#004 RNN – Language Modelling and Sampling Novel Sequences
Highlights: Recurrent Neural Networks (RNN) are sequence models that are a modern, more advanced alternative to traditional Neural Networks. Right from Speech Recognition to Natural Language Processing to Music Generation, RNNs have continued to play a transformative role in handling sequential datasets.
In this blog post, we will learn how RNNs are used to build and train Language Models, and thereby, sample novel sequences from our trained models. By the end of the post, you will understand how RNNs can be applied to generate texts from famous authors or any text pieces you like. So, let us begin.
Tutorial Overview:
- What is Language Modelling?
- Building a Language Model using RNN
- Tokenization of Input Sequence
- Forward Propagation
- Back Propagation
- Sampling a Sequence From a Trained RNN
- Character-Level Language Model
1. What is Language Modelling?
One of the most fundamental aspects of Natural Language Processing is building Language Models. Recurrent Neural Networks are well-equipped to handle such tasks and can help you build and train successful and accurate Language Models, easily.
To understand Language Modelling, let us take a basic example of a sentence and see how speech can be perceived in different ways by a neural network.
Suppose while building a speech recognition system, you hear the sentence “Whenever he was free, Ross read books”. While you may guess that the phrase is “read books”, it is quite possible for you to confuse it with “red books”. The same confusion occurs at the network’s end as well. However, the neural network has its own smart ways of guessing the right output even though both phrases sound exactly the same.

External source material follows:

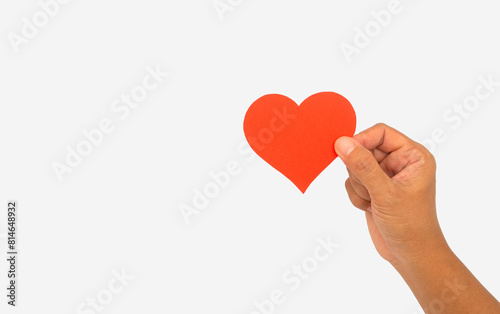 Close-up of hand holding a red heart symbol made from red paper against a white background.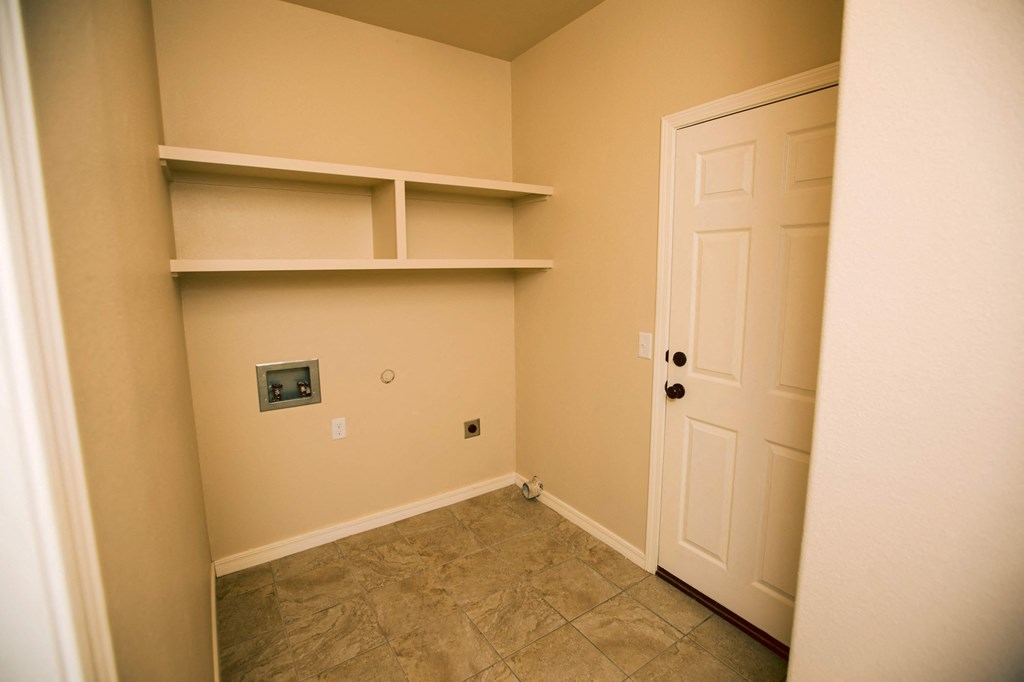 a room with shelves and a door and a closet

A good speech recognition system uses a Language Model which calculates the probability of both these phrases/sentences. In this instance, the language model may suggest that the probability of the phrase being “red books” is \(3,2\times 10^{-13} \) and the probability of the phrase being “read books” is \(5,7\times 10^{-10} \). Clearly, “read books” wins over “red books” by a factor of over \(10^{3} \), and thus, the speech recognition system makes the appropriate choice.
Therefore, the main job of a Language Model is to compute the probability of a given sequence of words that form the input sentence, which means, the chance of you finding that particular sentence in a daily newspaper, a random email or a random webpage or encountering it in your life. The same fundamentals not only apply to Speech Recognition systems but also Machine Translation systems.
So, how do we really build such Language Models? More importantly, how do we build Language Models using Recurrent Neural Networks? Let us move to the next section to understand this in detail.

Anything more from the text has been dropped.